- Exercise brief -
The records that appear below are to be restated word for word.

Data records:

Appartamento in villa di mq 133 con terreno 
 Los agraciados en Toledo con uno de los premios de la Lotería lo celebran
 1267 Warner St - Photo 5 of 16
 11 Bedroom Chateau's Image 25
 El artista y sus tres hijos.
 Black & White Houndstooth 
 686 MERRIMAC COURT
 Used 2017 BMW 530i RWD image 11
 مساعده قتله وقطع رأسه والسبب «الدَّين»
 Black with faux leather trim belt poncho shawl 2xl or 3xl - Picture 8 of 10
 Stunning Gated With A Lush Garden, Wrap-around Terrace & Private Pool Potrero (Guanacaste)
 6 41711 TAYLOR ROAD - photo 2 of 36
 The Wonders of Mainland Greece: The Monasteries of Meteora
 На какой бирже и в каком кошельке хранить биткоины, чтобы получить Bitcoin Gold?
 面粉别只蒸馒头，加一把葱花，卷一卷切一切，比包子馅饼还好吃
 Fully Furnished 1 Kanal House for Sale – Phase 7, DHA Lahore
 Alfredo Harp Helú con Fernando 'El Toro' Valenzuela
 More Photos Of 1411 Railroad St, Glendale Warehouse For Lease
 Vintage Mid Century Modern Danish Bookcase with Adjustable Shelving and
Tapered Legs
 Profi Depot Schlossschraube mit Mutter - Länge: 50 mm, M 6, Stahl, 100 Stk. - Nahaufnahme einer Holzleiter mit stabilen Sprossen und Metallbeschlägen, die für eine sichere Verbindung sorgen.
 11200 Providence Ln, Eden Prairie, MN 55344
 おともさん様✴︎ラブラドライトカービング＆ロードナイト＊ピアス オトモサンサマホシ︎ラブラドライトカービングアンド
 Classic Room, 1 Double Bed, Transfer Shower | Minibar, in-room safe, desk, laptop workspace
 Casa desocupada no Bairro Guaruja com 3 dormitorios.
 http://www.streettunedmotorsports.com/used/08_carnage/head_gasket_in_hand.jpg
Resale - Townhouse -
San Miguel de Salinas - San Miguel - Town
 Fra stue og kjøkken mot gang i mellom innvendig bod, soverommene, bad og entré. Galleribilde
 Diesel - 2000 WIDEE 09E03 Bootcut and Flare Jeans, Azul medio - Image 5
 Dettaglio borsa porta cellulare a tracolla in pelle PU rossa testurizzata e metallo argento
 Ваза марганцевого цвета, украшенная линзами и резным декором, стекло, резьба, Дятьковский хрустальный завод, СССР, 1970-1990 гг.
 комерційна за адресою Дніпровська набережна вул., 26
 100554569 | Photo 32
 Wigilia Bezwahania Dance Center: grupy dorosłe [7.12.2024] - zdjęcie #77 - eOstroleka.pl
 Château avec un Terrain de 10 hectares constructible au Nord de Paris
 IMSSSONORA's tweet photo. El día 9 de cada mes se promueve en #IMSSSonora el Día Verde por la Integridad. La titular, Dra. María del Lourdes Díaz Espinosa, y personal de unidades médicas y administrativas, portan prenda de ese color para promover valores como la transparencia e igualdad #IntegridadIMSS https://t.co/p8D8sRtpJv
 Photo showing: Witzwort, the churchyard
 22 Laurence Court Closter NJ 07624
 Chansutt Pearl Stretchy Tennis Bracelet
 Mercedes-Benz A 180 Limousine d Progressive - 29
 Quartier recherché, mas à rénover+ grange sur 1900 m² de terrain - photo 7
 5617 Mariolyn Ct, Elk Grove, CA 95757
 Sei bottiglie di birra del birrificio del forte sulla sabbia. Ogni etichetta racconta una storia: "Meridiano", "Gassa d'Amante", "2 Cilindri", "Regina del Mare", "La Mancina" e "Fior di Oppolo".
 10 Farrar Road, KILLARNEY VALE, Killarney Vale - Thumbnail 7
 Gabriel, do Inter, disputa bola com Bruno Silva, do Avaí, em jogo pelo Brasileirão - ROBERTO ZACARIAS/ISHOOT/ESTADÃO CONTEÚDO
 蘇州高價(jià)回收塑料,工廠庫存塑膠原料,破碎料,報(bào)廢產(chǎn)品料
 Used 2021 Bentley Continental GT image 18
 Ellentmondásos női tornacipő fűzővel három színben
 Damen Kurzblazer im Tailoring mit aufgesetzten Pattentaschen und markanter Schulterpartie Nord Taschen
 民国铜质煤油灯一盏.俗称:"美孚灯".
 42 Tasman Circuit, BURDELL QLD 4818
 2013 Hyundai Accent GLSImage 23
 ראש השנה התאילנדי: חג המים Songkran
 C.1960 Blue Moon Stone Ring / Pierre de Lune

- Task answer -
Appartamento in villa di mq 133 con terreno 
 Los agraciados en Toledo con uno de los premios de la Lotería lo celebran
 1267 Warner St - Photo 5 of 16
 11 Bedroom Chateau's Image 25
 El artista y sus tres hijos.
 Black & White Houndstooth 
 686 MERRIMAC COURT
 Used 2017 BMW 530i RWD image 11
 مساعده قتله وقطع رأسه والسبب «الدَّين»
 Black with faux leather trim belt poncho shawl 2xl or 3xl - Picture 8 of 10
 Stunning Gated With A Lush Garden, Wrap-around Terrace & Private Pool Potrero (Guanacaste)
 6 41711 TAYLOR ROAD - photo 2 of 36
 The Wonders of Mainland Greece: The Monasteries of Meteora
 На какой бирже и в каком кошельке хранить биткоины, чтобы получить Bitcoin Gold?
 面粉别只蒸馒头，加一把葱花，卷一卷切一切，比包子馅饼还好吃
 Fully Furnished 1 Kanal House for Sale – Phase 7, DHA Lahore
 Alfredo Harp Helú con Fernando 'El Toro' Valenzuela
 More Photos Of 1411 Railroad St, Glendale Warehouse For Lease
 Vintage Mid Century Modern Danish Bookcase with Adjustable Shelving and
Tapered Legs
 Profi Depot Schlossschraube mit Mutter - Länge: 50 mm, M 6, Stahl, 100 Stk. - Nahaufnahme einer Holzleiter mit stabilen Sprossen und Metallbeschlägen, die für eine sichere Verbindung sorgen.
 11200 Providence Ln, Eden Prairie, MN 55344
 おともさん様✴︎ラブラドライトカービング＆ロードナイト＊ピアス オトモサンサマホシ︎ラブラドライトカービングアンド
 Classic Room, 1 Double Bed, Transfer Shower | Minibar, in-room safe, desk, laptop workspace
 Casa desocupada no Bairro Guaruja com 3 dormitorios.
 http://www.streettunedmotorsports.com/used/08_carnage/head_gasket_in_hand.jpg
Resale - Townhouse -
San Miguel de Salinas - San Miguel - Town
 Fra stue og kjøkken mot gang i mellom innvendig bod, soverommene, bad og entré. Galleribilde
 Diesel - 2000 WIDEE 09E03 Bootcut and Flare Jeans, Azul medio - Image 5
 Dettaglio borsa porta cellulare a tracolla in pelle PU rossa testurizzata e metallo argento
 Ваза марганцевого цвета, украшенная линзами и резным декором, стекло, резьба, Дятьковский хрустальный завод, СССР, 1970-1990 гг.
 комерційна за адресою Дніпровська набережна вул., 26
 100554569 | Photo 32
 Wigilia Bezwahania Dance Center: grupy dorosłe [7.12.2024] - zdjęcie #77 - eOstroleka.pl
 Château avec un Terrain de 10 hectares constructible au Nord de Paris
 IMSSSONORA's tweet photo. El día 9 de cada mes se promueve en #IMSSSonora el Día Verde por la Integridad. La titular, Dra. María del Lourdes Díaz Espinosa, y personal de unidades médicas y administrativas, portan prenda de ese color para promover valores como la transparencia e igualdad #IntegridadIMSS https://t.co/p8D8sRtpJv
 Photo showing: Witzwort, the churchyard
 22 Laurence Court Closter NJ 07624
 Chansutt Pearl Stretchy Tennis Bracelet
 Mercedes-Benz A 180 Limousine d Progressive - 29
 Quartier recherché, mas à rénover+ grange sur 1900 m² de terrain - photo 7
 5617 Mariolyn Ct, Elk Grove, CA 95757
 Sei bottiglie di birra del birrificio del forte sulla sabbia. Ogni etichetta racconta una storia: "Meridiano", "Gassa d'Amante", "2 Cilindri", "Regina del Mare", "La Mancina" e "Fior di Oppolo".
 10 Farrar Road, KILLARNEY VALE, Killarney Vale - Thumbnail 7
 Gabriel, do Inter, disputa bola com Bruno Silva, do Avaí, em jogo pelo Brasileirão - ROBERTO ZACARIAS/ISHOOT/ESTADÃO CONTEÚDO
 蘇州高價(jià)回收塑料,工廠庫存塑膠原料,破碎料,報(bào)廢產(chǎn)品料
 Used 2021 Bentley Continental GT image 18
 Ellentmondásos női tornacipő fűzővel három színben
 Damen Kurzblazer im Tailoring mit aufgesetzten Pattentaschen und markanter Schulterpartie Nord Taschen
 民国铜质煤油灯一盏.俗称:"美孚灯".
 42 Tasman Circuit, BURDELL QLD 4818
 2013 Hyundai Accent GLSImage 23
 ראש השנה התאילנדי: חג המים Songkran
 C.1960 Blue Moon Stone Ring / Pierre de Lune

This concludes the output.